Jacques Barraband (1767-1809)
La Pie de Paradis, vue par devant no 20
De L’Imprimerie des Langlois
Engraving with original hand color 
Paper size: 21 x 29 inches
Framed: 32 x 42 1/2 inches
Lower left: Barraband pinx
Lower right: Peree sculp
$12,000
  
Jacques Barraband's watercolors and engravings of birds are masterpieces of French ornithological illustration.  Most of his stunning portraits were done for the distinguished ornithologist Francois Levaillant, who commissioned the artist to illustrate his landmark works on African ornithology, including the lavish and striking Histoire Naturelle des Perroquets.  Images of African birds were popular in early 19th-century France both for their exoticism and for the interest in Africa that Napoleon's campaigns were generating.  The collaboration of Levaillant and Barraband represented a departure from previous ornithological texts in its emphasis on beauty and luxury, with sumptuously colored and flawlessly rendered birds. 

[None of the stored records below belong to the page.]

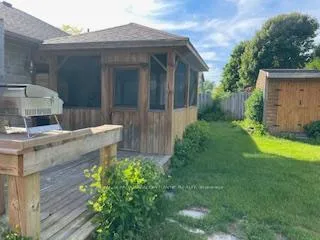 Photo 21 of 237 2nd Avenue, Hanover — HOMEH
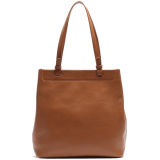 Fashion Ladies Bags Designer Hand Bag Shoulder Lady Handbags (S1058-A4094)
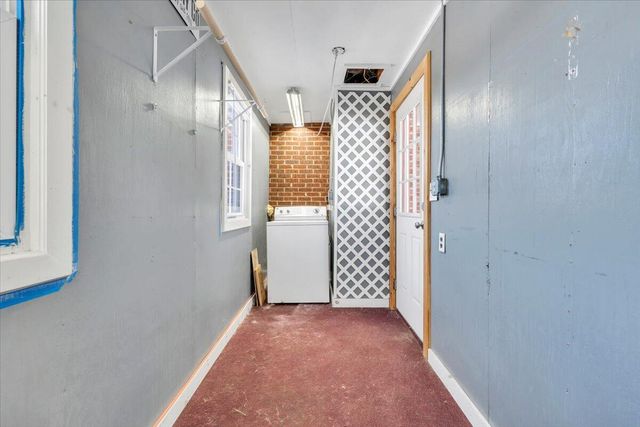 6801 Virgil H Goode Hwy, Rocky Mount, VA 24151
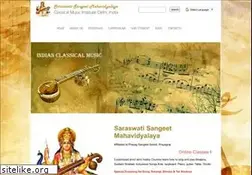 Sites similar to classicalmusicinstitute.com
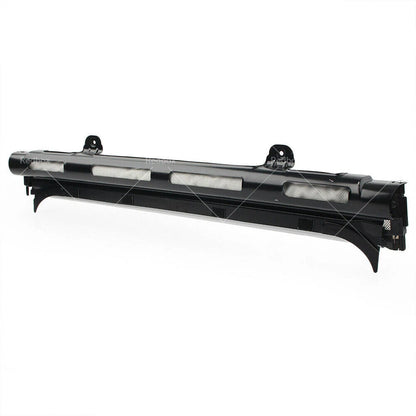 Sunroof Sunshade Curtain Assembly for VW Tiguan, Audi Q5, VW Golf (2008-2017)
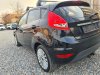 Slika 10 - Ford Fiesta 1.25  - MojAuto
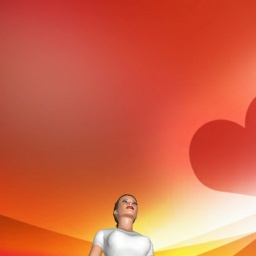 adults enjoying 3D sex games like bisexual bugger shemale Dgaf888895, 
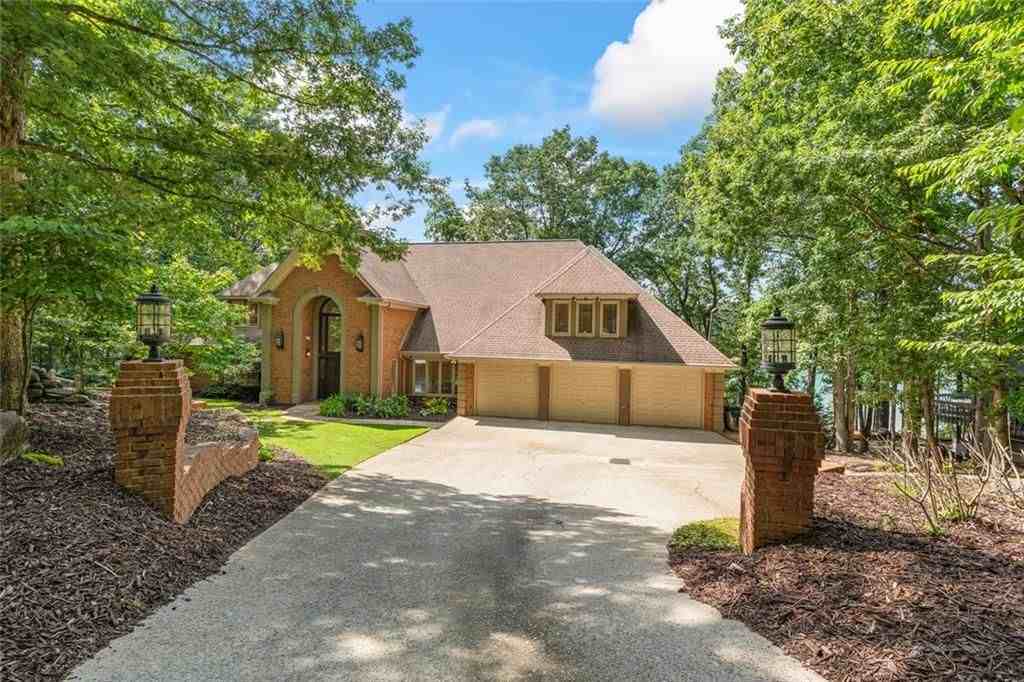 6576 Yacht Club Rd - Photo 5 of 50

The project was a massive undertaking, which required over 300 finished watercolors. Apart from their undoubted beauty, they display a scientific accuracy that few ornithological artists have matched since.  Still, the meticulous hand-colored engravings in Levaillant's publications could not match the delicate modulations of tone and color, the fine lines and perfect draftsmanship of Barraband's original watercolors, which are exceptional in their richness and tonal variation.  Each feather is described by dozens of parallel lines, providing remarkable detail and naturalistically textured color. 

The key to Barraband's renown was his success as an illustrator of luxurious bird books.  In addition to illustrating Francois Levaillant’s Histoire naturelle des perroquets (1801-05), Barraband also executed the original watercolors for the ornithologist’s Histoire naturelle des oiseaux de paradis (Birds of Paradise, 1801-06). 

Barraband had studied under Joseph Malaine and afterwards worked as a draftsman in the Gobelin tapestry works.  He painted porcelains that were exhibited at the Paris Salons from 1798 through 1806, and records at Sevres show that he supplied drawings to the factory there in 1806.  He also decorated the dining-room in Napoleon's chateau at St. Cloud., but his work for Francois Levaillant was without doubt the climax of his career.  His drawings for Levaillant's splendid works placed him at the forefront of French ornithological artists at the beginning of the 19th century.